October 24th, 2009 · 16 Comments

If you tell me there’s a squabble between the U.S. Chamber of Commerce and the Electronic Frontier Foundation, my instinct is to side with EFF before I even ask what it’s about.  If you tell me some group is trying to use the Digital Millennium Copyright Act to get a critical website taken down, I’m even more likely to assume it’s an abuse of the law. And yet I find myself in agreement with Mike Masnick about the current dust-up centered on prankster activists The Yes Men, whose built a fake Chamber of Commerce site to host the announcement of their ersatz press conference announcing “the Chamber’s” new position on climate change.

While we’re obviously not on the same page politically, I find a lot of what the Yes Men do pretty ingenious. But while their overall mission could reasonably described as a kind of parody—insofar as the point is for their hoaxes to ultimately be exposed—their site is not really a parody.

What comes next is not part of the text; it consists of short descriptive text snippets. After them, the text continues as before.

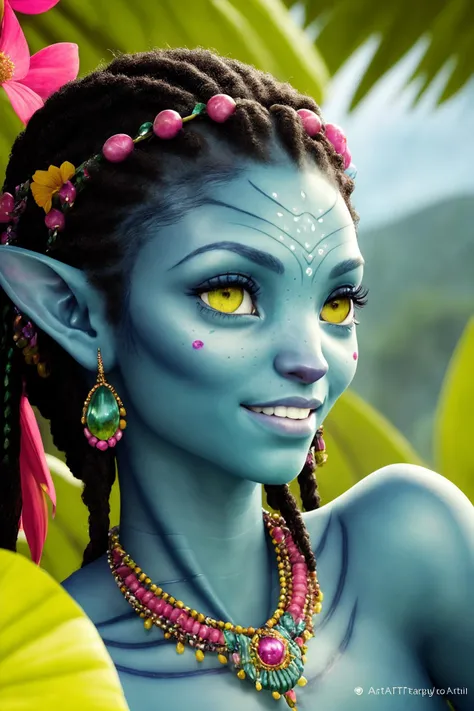 SFW, photo of playful AIDA_Neytiri, close up portrait of (happy:1.3) AIDA_Neytiri, pretty face, (blue skin:1.3), (yellow eyes:1.3), (big eyes with elegant eyelashes:1.1), (green light:1.1), kkw-ph1, colorful, (romantic garden setting:1.3), (tropical garden:1.1), (trending on artstation:1.3), (mountains:1.3), [[waterfall]], (fantasy garden:1.1), detailed background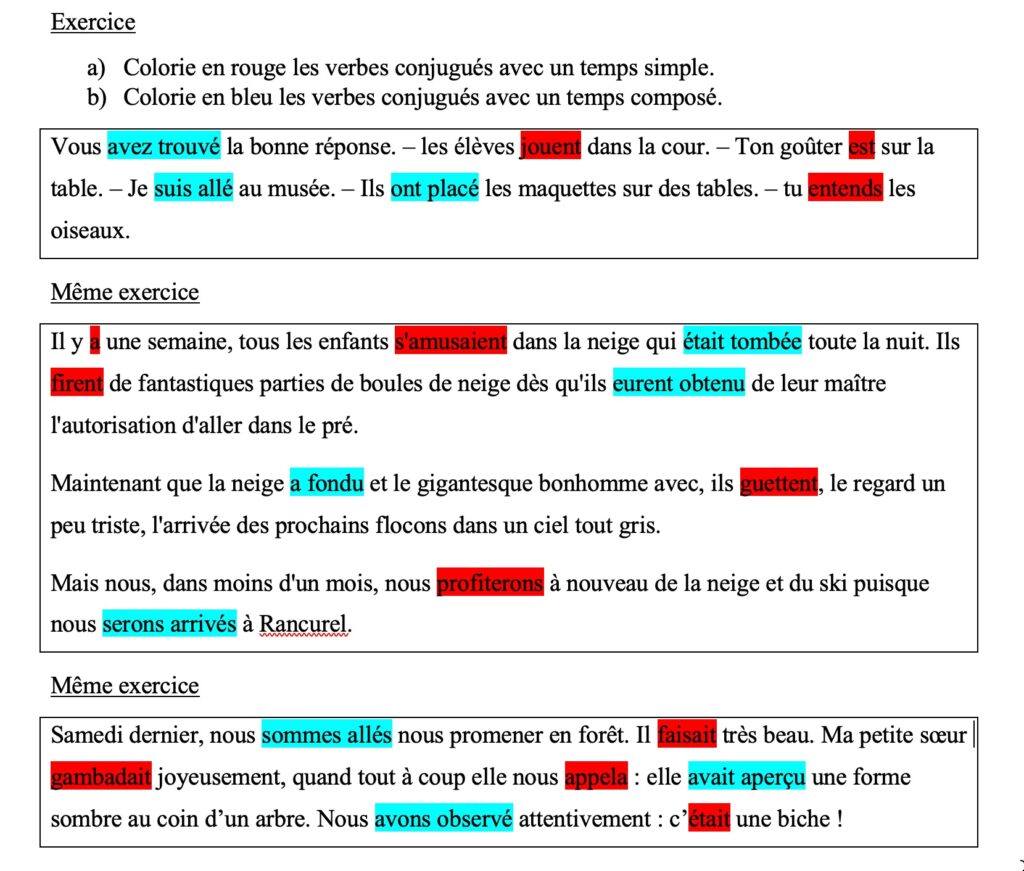 Correction des exercices sur temps simples ou composés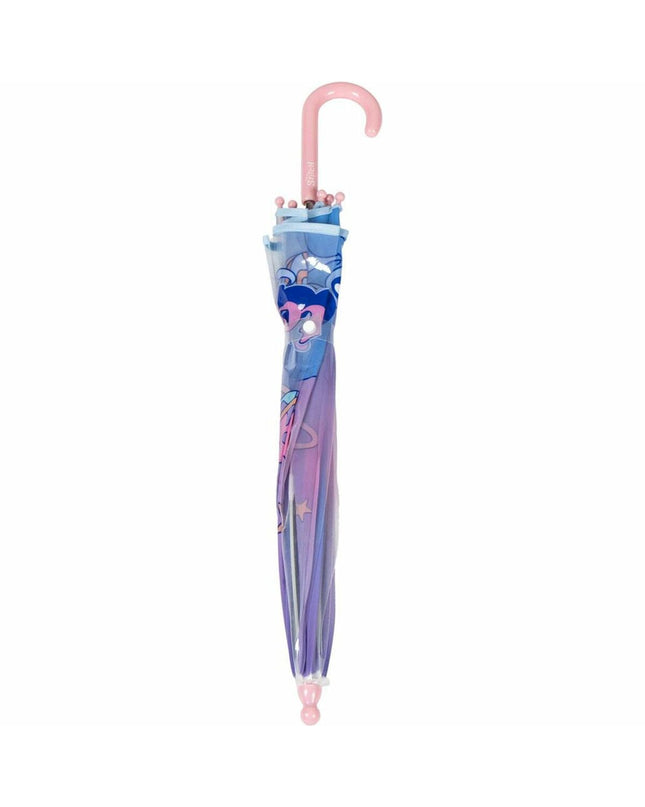 Stitch blue umbrella with 71 cm diameter and 45 cm handle, stylish bagage umbrella featuring the Stitch design.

What Adbusters does when they appropriate corporate logos and advertising imagery for their spoof ads is parody, and as such clearly entitled to invoke the fair use defense against claims of copyright or trademark infringement. But that’s because the purpose of trademark is primarily to prevent consumer confusion, and a person of ordinary intelligence who really looks at one of those fake ads will—perhaps after a moment of initial confusion or bemusement—understand it as an ironic critique of the company whose imagery is used.  What the Yes Men are doing on the whole is an act of critique, but they’re not using the Chamber logo on their fake site as an act of détournement; they’re using it with the intent that readers falsely believe their press release to be genuine. It’s arguably a fairly benign form of deception in service of a larger critical point, but as a legal matter I doubt it’s entitled to a fair use exemption. And I think it muddies the waters in a potentially counterproductive way for EFF, which is a great defender of genuine parody against specious and censorious IP claims, to invoke it in a dubious case like this.

Tags: Law


       

 

16 responses so far ↓

  • 1 Todd Seavey // Oct 26, 2009 at 10:57 am

    I wholeheartedly agree — and it’s not surprising the Yes Men feel exempt from the rules of ethics, such as telling the truth, that bind the rest of us, given what sanctimonious assholes they are (I spoke to one of the two head honchos in a bar here in NYC once).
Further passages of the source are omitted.